I lifted my glass and savoured the drink slowly before glancing out of the window. At this height Chernograd’s night lights spread out below like scattered stars—the port district, the cathedral, the dark line of the river cutting through it all. My city. Every light in it paying rent to me in one form or another.

Iskra had declined alcohol, even though a small amount was permissible during breastfeeding. Of course she had.

Tenacity. A forensic scientist’s brain. Beauty I didn’t like to share and hadn’t been able to replace with any of the women I’d tried. I felt deceived all over again—not by a lie exactly, but by the gap between the reluctant, biddable bride I had expected and the woman who had blown up my east wing, mapped a route through three continents, built a life in Istanbul and come back to Chernograd on her knees for her daughter without once losing the thing behind her eyes that made her dangerous.

Reluctant admiration forced itself upon me. I accepted it grudgingly, the way I accepted most things I hadn’t chosen.

She was a worthy opponent.

A flurry of blue from the corner of my eye and she was back—walking with the purposeful stride of a woman who had remembered how to move through a room. She glanced at the empty tables as she passed, clocking the cleared space the way she clocked everything, filing it without breaking stride.

Her skin was paler since Istanbul.

But the glow was back. And her head was high.

And for once I didn’t want to crush her like a bug beneath my shoe.

I took the last draw from my cigarette and crushed it on the plate.

Interesting.

Chapter 75

Iskra

The entire evening had been strange. Vadim was being courteous—making small talk, asking questions about me—as though he had decided to try a different approach and was executing it with the same controlled deliberateness he applied to everything else.

I fixed my hair and let it fall on either side of my face, covering some of my shoulders and chest. The dress was a size too small and bought before my pregnancies. I tugged at the neckline. It had been optimistic to think I could pull it off. I should have worn something more comfortable, and I would have eaten more if I had.

It wouldn’t be long before I would need maternity clothing.

This time I knew what to expect.

That familiar bubbling at the pit of my stomach made me smile despite everything. A brother or sister for Runa. Another small person arriving into this strange arrangement we were all living inside.

All of us in one room reminded me of sneaking into my parents’room as a child to play with Ruslan. But I couldn’t deny that Vadim was nothing like my father in that respect. He could be a little too involved at times—present in a way I hadn’t anticipated, attentive in a way I didn’t have a category for. I had put it down to him missing the first months of Runa’s life.

Despite myself, I felt guilty about that. Not for him. For Runa.

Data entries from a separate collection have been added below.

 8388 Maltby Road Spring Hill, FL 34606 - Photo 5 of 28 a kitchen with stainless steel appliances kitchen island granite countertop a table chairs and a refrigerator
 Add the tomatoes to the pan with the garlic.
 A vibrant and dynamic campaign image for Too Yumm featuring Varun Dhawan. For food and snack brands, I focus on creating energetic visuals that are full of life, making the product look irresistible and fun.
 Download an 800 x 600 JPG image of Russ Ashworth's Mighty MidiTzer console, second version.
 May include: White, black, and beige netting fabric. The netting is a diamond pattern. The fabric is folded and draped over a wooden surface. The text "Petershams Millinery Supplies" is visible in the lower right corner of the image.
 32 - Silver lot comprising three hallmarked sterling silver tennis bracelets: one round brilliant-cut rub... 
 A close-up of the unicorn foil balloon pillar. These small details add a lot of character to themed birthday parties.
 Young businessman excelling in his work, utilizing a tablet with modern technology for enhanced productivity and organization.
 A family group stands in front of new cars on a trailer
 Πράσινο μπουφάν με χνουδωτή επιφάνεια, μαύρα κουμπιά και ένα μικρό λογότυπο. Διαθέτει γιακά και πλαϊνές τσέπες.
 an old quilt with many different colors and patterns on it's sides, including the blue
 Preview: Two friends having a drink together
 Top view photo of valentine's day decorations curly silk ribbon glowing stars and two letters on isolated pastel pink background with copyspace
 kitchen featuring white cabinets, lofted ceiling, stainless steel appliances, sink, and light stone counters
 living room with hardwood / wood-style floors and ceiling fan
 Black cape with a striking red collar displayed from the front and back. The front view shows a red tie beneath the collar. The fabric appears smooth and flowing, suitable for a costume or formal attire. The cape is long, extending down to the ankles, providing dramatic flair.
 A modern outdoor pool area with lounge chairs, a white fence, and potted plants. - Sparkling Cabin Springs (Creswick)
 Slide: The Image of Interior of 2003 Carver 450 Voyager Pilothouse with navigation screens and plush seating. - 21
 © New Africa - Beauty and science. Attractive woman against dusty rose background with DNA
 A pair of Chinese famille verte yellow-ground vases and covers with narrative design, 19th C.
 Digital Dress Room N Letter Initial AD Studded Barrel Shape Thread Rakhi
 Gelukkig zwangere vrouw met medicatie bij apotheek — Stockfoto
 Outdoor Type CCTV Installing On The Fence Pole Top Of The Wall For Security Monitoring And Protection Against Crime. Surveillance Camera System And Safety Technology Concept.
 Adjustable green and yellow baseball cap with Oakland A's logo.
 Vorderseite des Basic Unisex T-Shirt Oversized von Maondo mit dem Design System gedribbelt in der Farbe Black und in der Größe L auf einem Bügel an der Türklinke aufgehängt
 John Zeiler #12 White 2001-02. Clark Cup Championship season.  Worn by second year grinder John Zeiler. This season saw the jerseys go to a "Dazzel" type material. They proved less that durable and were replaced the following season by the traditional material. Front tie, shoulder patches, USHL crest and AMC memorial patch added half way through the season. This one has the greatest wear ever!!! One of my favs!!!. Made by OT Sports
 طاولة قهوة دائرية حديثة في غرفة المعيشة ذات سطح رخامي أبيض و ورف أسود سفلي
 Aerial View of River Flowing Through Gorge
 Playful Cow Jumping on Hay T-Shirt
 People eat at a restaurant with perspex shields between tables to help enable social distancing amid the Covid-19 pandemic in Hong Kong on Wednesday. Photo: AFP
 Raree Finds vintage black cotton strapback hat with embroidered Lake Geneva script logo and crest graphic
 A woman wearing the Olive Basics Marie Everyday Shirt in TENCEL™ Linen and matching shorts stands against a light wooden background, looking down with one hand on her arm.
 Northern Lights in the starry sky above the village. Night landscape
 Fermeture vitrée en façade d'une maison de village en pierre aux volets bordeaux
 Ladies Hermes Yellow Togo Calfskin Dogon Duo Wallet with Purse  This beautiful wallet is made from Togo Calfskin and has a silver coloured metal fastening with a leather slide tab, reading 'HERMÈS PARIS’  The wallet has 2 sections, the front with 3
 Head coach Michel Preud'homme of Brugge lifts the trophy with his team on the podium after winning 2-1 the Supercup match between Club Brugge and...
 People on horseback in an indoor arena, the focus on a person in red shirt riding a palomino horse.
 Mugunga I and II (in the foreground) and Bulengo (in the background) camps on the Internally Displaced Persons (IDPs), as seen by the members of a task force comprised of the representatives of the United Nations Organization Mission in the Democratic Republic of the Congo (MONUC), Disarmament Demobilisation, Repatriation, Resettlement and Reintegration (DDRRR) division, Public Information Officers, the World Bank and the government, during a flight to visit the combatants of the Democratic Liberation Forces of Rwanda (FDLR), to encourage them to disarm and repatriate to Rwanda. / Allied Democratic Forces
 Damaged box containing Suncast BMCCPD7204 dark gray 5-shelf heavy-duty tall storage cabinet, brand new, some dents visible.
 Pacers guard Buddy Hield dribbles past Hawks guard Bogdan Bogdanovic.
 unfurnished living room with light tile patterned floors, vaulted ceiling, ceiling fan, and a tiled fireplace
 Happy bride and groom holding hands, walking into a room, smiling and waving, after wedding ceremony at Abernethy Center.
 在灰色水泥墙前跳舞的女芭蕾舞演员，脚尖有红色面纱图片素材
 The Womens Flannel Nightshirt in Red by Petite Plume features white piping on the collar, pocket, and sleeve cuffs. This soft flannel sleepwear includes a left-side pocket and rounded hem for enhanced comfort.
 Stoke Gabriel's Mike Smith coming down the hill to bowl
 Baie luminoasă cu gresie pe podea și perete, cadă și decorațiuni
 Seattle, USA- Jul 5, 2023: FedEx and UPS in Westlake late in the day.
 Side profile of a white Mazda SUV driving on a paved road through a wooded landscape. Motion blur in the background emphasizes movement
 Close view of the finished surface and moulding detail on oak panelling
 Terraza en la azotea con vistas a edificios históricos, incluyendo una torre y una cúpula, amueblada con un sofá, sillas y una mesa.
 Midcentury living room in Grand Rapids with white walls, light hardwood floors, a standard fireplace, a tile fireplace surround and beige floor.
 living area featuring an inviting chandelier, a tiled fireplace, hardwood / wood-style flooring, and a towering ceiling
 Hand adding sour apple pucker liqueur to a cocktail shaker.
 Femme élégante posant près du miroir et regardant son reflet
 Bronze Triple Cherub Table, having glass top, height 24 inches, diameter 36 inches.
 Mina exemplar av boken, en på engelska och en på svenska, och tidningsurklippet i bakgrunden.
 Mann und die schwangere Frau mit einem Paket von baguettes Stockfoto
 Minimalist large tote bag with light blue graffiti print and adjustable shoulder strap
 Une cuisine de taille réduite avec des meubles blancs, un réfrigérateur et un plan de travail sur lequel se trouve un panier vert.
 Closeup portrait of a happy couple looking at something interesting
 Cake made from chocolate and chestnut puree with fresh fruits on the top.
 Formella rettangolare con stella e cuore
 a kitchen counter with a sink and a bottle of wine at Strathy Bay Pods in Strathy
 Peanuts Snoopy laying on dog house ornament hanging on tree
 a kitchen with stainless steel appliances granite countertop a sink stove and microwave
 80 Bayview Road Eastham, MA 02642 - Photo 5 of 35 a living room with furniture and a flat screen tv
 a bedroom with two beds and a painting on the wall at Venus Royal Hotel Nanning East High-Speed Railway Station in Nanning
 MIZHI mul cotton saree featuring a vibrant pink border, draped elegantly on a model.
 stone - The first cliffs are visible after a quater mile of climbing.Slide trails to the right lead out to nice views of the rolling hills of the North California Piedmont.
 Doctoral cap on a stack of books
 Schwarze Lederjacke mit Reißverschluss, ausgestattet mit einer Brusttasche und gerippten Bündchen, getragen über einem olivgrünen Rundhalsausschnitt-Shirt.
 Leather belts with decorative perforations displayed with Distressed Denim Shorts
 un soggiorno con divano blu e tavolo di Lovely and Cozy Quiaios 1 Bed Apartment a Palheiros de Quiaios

I thought of her delighted giggles the morning we woke to find her standing in her cot—body rigid with the effort of it, hands gripping the wooden bars, moving back and forth with an excitement that would have been jumping if her feet hadn’t been tangled in her blanket.

I had watched the shock cross Vadim’s face before he crossed the room to her—praising her, smothering her face with kisses, entirely undignified and entirely unaware of it. I was a little envious of my daughter. She got to slap his face repeatedly without consequence.